▬ LIBRE
Vous joindrez-vous à ma chevauchée?
La vieille Fièretête n'était plus si alerte qu'elle l'avait été dans leurs premières années de vie commune, néanmoins, elle allongea obligeamment la foulée quand Aoira lui demanda d'un claquement de langue. Bien cramponnée à une poignée de crins noirs filetée d'argent, la jeune femme tenait à peine les rênes de sa monture, trop concentrée sur son observation des environs. Ici et là, ses chevaux pâturaient par petits groupes, passant comme souvent la journée en liberté sur les vastes plaines des environs. Ce mode d'élevage avait l'avantage de leur permettre de conserver un minimum d'instinct naturel: ainsi on produisait des coursiers au pied fiable, sachant sentir le danger sans paniquer. L'avantage était aussi l'inconvénient, puisque les jeunes étalons se livraient fréquemment à des courses sauvages qui pouvaient grandement les éloigner de la sécurité de l'écurie.

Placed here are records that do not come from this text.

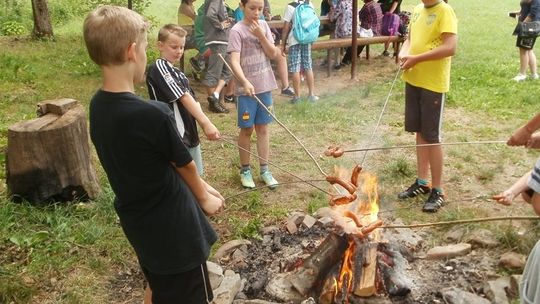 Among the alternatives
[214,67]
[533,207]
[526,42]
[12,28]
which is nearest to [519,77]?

De temps à autres, Aoira était donc obligée de rattraper ces petits groupes de têtes brûlées pour les ramener vers la sécurité. Mais la vieille Fièretête n'était pas la meilleure monture pour rattraper une horde de yearlings fringants. Cependant, sa propriétaire aurait eu le sentiment de la trahir si elle avait exécutée ses tâches quotidiennes sur le dos d'un cheval plus jeune. Sans compter que la cavale aurait été capable de faire la tête si elle avait vu un autre coursier sous la selle de sa cavalière! Comme toutes les vieilles dames, Fièretête avait toutefois ses humeurs et elle décida soudainement qu'elle était trop âgée pour piquer des galops pareils. Freinant des quatre fers, elle manqua de faire s'envoler Aoira par dessus ses oreilles.
Aucune cajolerie ne convainquit la jument noire de repartir, même au pas. De guerre lasse, l'éleveuse démonta avec un soupir agacé pour poursuivre sa route à pieds, suivie de sa monture dont elle avait attaché les rênes au pommeau de la selle. Les plaines semblaient s'agrandir démesurément quand on les considérait depuis ses deux jambes et non du dos d'un cheval. Aller d'un point à un autre semblait infiniment plus long quand on connaissait l'ivresse du galop. Pendant près d'une heure, les deux compagnes arpentèrent la plaine au ralenti, suivant la piste labourée par les petits sabots durs des jeunes étalons fugueurs. Au fond d'une cuvette, Aoira reconnu les traces d'un assaut pour jouer comme ils en menaient souvent. Ils avaient donc dû s'arrêter un petit moment, lui laissant une chance de les rattraper.
Son instinct ne la trompait pas: au sortir de l'encaissement, elle pu enfin apercevoir les petits rebelles. Ils étaient cinq ou six, aux robes chamarrées. Ils avaient presque atteint leur taille adulte, mais leurs jambes avaient encore cette longueur démesurée propre aux poulains. Leurs flancs et leurs poitrails ne s'étaient pas étoffés, leur donnant une allure singulière, un peu déséquilibrée. A présent, ils se reposaient deux par deux, tête bêche pour se toiletter mutuellement et chasser les mouches. Quelques curieux, des voisins sûrement, observaient la troupe de yearlings à une centaine de mètres d'Aoira, qui leur adressa un salut de la main. Fièretête s'occupait de jouer son rôle de matriarche, regroupant et repoussant les jeunes chevaux vers l'élevage à coups de dents et d'encensements menaçants. La jeune éleveuse avait vite comprit que jouer sur la hiérarchie existant entre les bêtes était plus aisé que de s'épuiser à courir, licous à la main pour attraper les bêtes.
Fièretête, forte de son expérience et de son statut dans le troupeau, faisait du meilleur travail que n'importe quel imbécile armé d'une corde et d'un fouet. Pendant ce temps, Aoira n'avait qu'à bailler aux corneilles en regardant l'infinie mer verte se briser au loin sur les montagnes: son travail se faisait tout seul! N'était-ce point le rêve de tout le monde?